Un Asiatique souriant aux lunettes rondes, héritées du Corbusier.
Crédits: APL'architecture, ça conserve! Oscar
Niemeyer est mort à la veille de ses 105 ans en 2012. Ieoh Ming Pei
vient de s'éteindre à 102 ans accomplis, le 16 mai 2019. D'où les
nécrologies actuelles, dont les versions françaises s'attardent un
peu trop sur la seule Pyramide du Louvre (1). Et je vous signale à
tout hasard que Frank Gehry, l'homme du métier dont on parle
peut-être le plus aujourd'hui, à fêté ses 90 ans en février
dernier. Apparemment en pleine forme.
Pei est né à Canton en 1917. Sa famille vient de Suzhou, «la Venise chinoise». Elle se situe au sommet de la hiérarchie sociale, alors que le pays est entré en république depuis 1911. Son père finit par diriger à Shanghai la Banque de Chine, dont son fils refera un jour le bâtiment de Hongkong. L'enseignement tel qu'il se voit dispensé en Chine, avec une rigueur confinant à la raideur, convient mal à un jeune homme ayant perdu sa mère à 13 ans. Il part en 1935 étudier aux Etats-Unis. Grandes écoles. Brillant sujet.
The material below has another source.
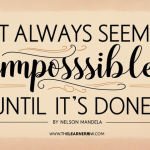 “It always seems impossible until it’s done.” – Nelson Mandela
L'immigré suit notamment les cours de l'Allemand Walter Gropius, ce qui ne rajeunit personne. Il se retrouve du coup avec plusieurs diplômes, dont celui de la Design School de Harvard, obtenu en 1948. La même année, le débutant se voit recruté par le promoteur immobilier William Zeckendorf.
Le coup de pouce de Jackie Kennedy
En 1948, l'homme sait déjà ce qu'il
veut, et surtout ce qu'il ne veut pas. Il s'agit d'un moderniste, à
une époque où la bataille fait encore rage entre les tenants du
style Beaux-Arts, qui surchargent leurs gratte-ciel de colonnes à
l'antique ou de décors sculptés (personnellement, j'aime bien, mais
j'ai aujourd'hui là un goût dissident) et ceux d'un style puriste
inspiré par le Bauhaus. Une sorte de Bauhaus surdimensionné. Il
suffit de voir un film comme «Le Rebelle» de King Vidor (1949), où
Gary Cooper incarne un bâtisseur entendant briser les vieilles
règles. La progression personnelle de Pei reste cependant lente. Les
spécialistes s'accordent aujourd'hui à écrire que sa carrière
personnelle a pris l'ascenseur quand Jackie Kennedy l'a choisi en
1964 pour imaginer la JFK Library, prévue près de Boston. L'édifice
ne se verra inauguré qu'en 1979. La future Jackie O n'est alors pas
seulement une veuve de président. Il s'agit d'une arbitre du goût
aux Etats-Unis.

Dès lors, les commandes se multiplient pour Pei, qui forme son propre bureau en 1966. Pei, Lobb, Freed & Partners remplit son carnet en Amérique et ailleurs. Mais peu en Europe. Il se voit bien sûr amené à construire des musées, qui font de plus en plus office de cathédrales modernes. Pei crée ainsi la sensation en 1983, année où il reçoit par ailleurs le prix Pritzker, avec sa nouvelle aile de la National Gallery de Washington. Il s'agit d'un geste architectural sans doute davantage destiné aux «trustees» et au public qu'aux collections proprement dites. Il y a notamment là un gigantesque hall. Il tape dans l’œil de François Mitterrand, président de la République française depuis 1981. Ce dernier va vouloir le Sino-Américain (Pei a son passeport US depuis 1954) pour son Grand Louvre en gestation. Il faut notamment au palais une entrée, que le socialiste veut moderne.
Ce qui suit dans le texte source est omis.